When it comes to data on how many U.S. children have at least one parent behind bars, previous estimates don’t paint a picture of the grim reality, according to a national research organization.
So what stats accurately sum up this nationwide issue?
Child Trends, a research center that gives insights on the well-being of youths, indicated in a recent report one in 14 children face the byproducts of an incarcerated parent. That’s more than 5 million U.S. kids, or almost 7 percent, according to Reuters.
Circumstances are worse for poor and minority children.
“The 20-page report indicates that when it comes to black children, the number who have had an incarcerated parent rises to one in nine, and poor children are three times more likely to have had an incarcerated parent than children from higher income households,” Melanie Eversley wrote for USA Today. “Rural children are more likely than urban children to have had an incarcerated parent, the report says.”
USA Today noted prior estimates pale in comparison to those in Child Trends’ report. Deborah Jiang-Stein, founder of the unPrison Project, told USA Today that 10 years ago, 60,000 children had an incarcerated parent.
A 2007 estimate put the number of children in the same circumstance at 1.7 million — or 2 percent, Reuters’ report stated.
Jiang-Stein cited an increase in the rate of incarcerated mothers for the spike, according to USA Today.
Nash Jenkins wrote for Time the study hoped to examine “both the prevalence of parental incarceration and child outcomes associated with it.”
Those outcomes make up a long list, Jared Keller wrote for Pacific Standard. Child Trends’ report mentions physical and psychological problems plaguing children for their entire lives when a parent spends time in prison.
The development of these children in important life stages is at stake.
“The causes of this trauma are varied, but in all cases the incarceration means a child is far more likely to experience additional adversity in the crucial years of their development,” Pacific Standard indicated. “More than half of children who have seen a parent go to prison have also lived with someone with a substance abuse problem (compared to less than 10 percent of those without a parent in prison). Nearly 60 percent also saw their parents divorce … Finally, more than a third witnessed domestic violence.”
When mothers are imprisoned, in particular, their absence makes their children “demonstrate depression, anxiety and rule-breaking behavior,” a Child Trends report on the study read. Kids in this category grapple with larger odds of dropping out of school, being suspended and doing poorly in school than their peers without a parent in prison.

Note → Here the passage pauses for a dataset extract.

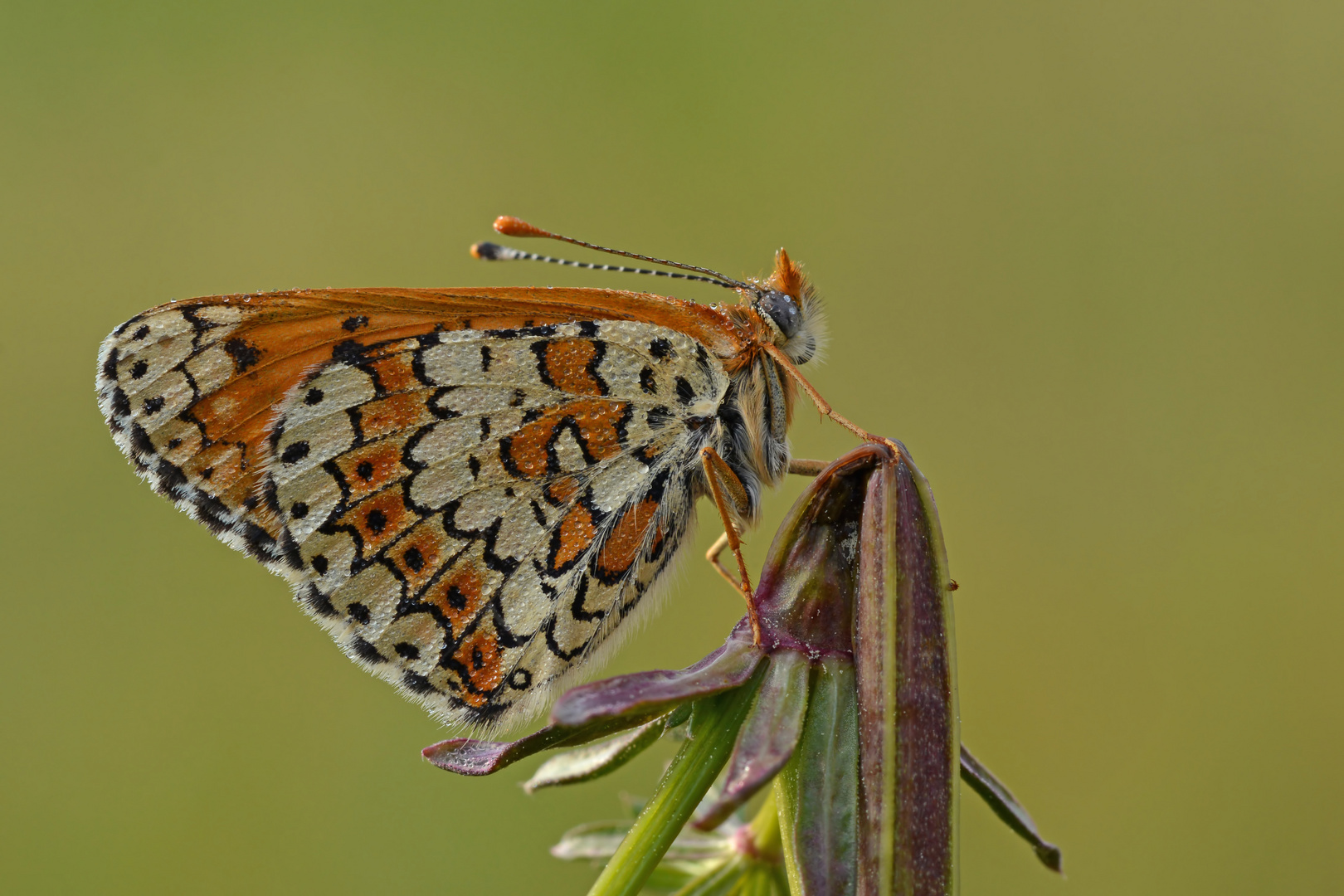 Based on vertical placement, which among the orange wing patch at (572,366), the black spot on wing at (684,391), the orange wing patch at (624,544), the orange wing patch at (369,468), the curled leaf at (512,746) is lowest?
the curled leaf at (512,746)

In addition, Child Trends noted visiting inmate mothers proves more difficult for a few reasons. Children’s new caretakers might not be able to take them to see their moms.
And distance is a larger factor than with dads in prison.
“Because women’s prisons are more scarce than men’s, incarcerated women tend to be farther away from their families; these distances can make it difficult for the current caretaker to arrange visits,” according to Child Trends.
According to USA Today, Child Trends listed methods to keep kids of prison-occupying parents from facing such dire odds. Reducing the stigma of having a parent who is incarcerated, improving communication between incarcerated parents and their children, and making prison visits less stressful could all combat the issue.
Child Trends’ piece detailed another step to solving the problem: prison nurseries.
“Prison nurseries have even been developed for mothers who have their children while in prison, where they can raise their children for a limited period of time,” Child Trends reported. “Prison nurseries may reduce the chance that the mother returns to prison.”